== PROBLEM TO WORK ON ==
Print the whole listing below exactly, skipping every picture.

== INFORMATION GIVEN ==
+---+
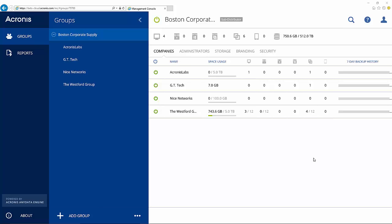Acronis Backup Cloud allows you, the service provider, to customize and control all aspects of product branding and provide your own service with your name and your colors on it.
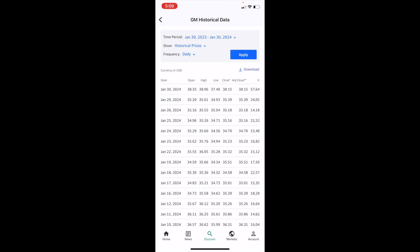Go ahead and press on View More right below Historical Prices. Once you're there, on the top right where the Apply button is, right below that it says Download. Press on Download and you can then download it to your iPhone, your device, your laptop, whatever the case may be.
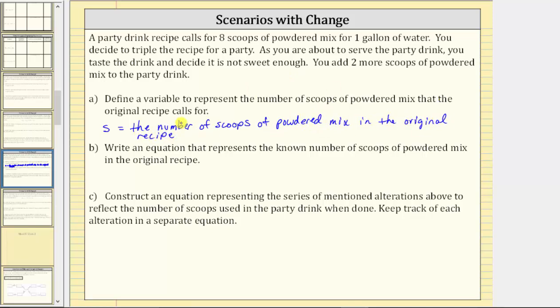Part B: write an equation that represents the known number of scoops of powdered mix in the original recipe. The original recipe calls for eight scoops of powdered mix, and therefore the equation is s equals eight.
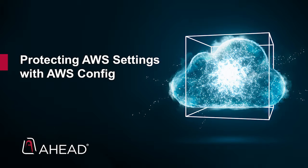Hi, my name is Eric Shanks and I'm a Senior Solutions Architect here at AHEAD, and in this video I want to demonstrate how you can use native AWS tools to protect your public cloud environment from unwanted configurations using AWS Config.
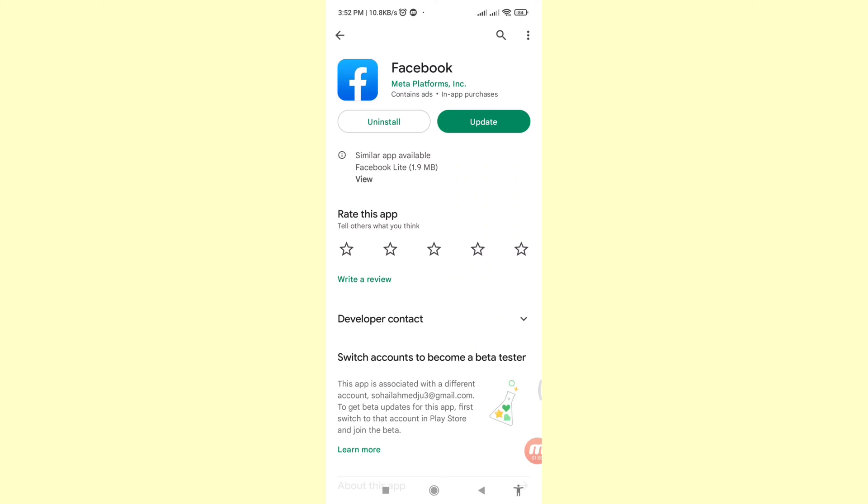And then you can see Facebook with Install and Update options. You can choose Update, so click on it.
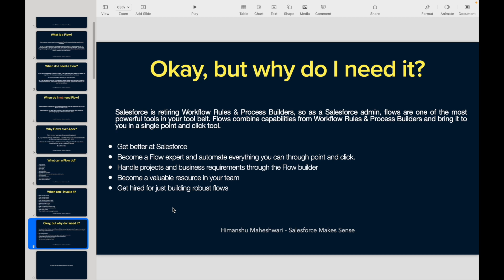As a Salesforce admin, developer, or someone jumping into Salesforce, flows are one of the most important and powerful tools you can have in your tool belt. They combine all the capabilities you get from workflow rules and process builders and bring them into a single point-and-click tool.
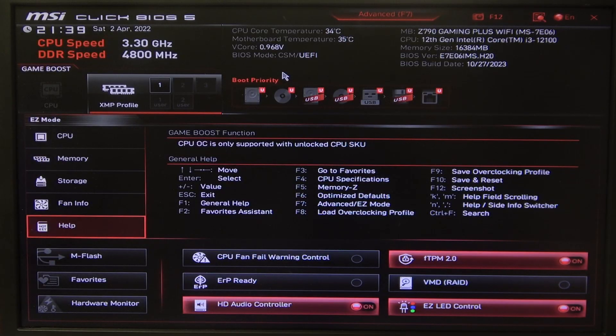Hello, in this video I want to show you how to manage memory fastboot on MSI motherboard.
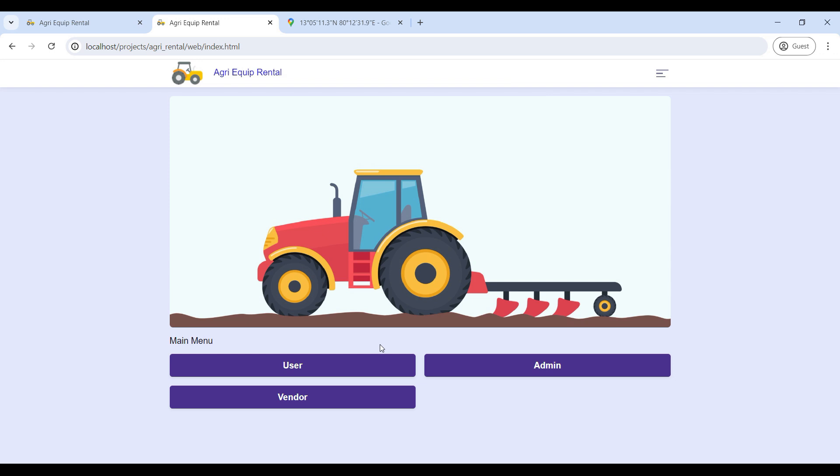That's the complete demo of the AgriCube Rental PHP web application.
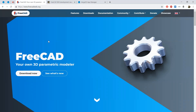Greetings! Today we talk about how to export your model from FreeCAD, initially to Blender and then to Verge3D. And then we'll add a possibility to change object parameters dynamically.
+---+
== ANSWER ==
Acronis Backup Cloud allows you, the service provider, to customize and control all aspects of product branding and provide your own service with your name and your colors on it.
Go ahead and press on View More right below Historical Prices. Once you're there, on the top right where the Apply button is, right below that it says Download. Press on Download and you can then download it to your iPhone, your device, your laptop, whatever the case may be.
Part B: write an equation that represents the known number of scoops of powdered mix in the original recipe. The original recipe calls for eight scoops of powdered mix, and therefore the equation is s equals eight.
Hi, my name is Eric Shanks and I'm a Senior Solutions Architect here at AHEAD, and in this video I want to demonstrate how you can use native AWS tools to protect your public cloud environment from unwanted configurations using AWS Config.
And then you can see Facebook with Install and Update options. You can choose Update, so click on it.
As a Salesforce admin, developer, or someone jumping into Salesforce, flows are one of the most important and powerful tools you can have in your tool belt. They combine all the capabilities you get from workflow rules and process builders and bring them into a single point-and-click tool.
Hello, in this video I want to show you how to manage memory fastboot on MSI motherboard.
That's the complete demo of the AgriCube Rental PHP web application.
Greetings! Today we talk about how to export your model from FreeCAD, initially to Blender and then to Verge3D. And then we'll add a possibility to change object parameters dynamically.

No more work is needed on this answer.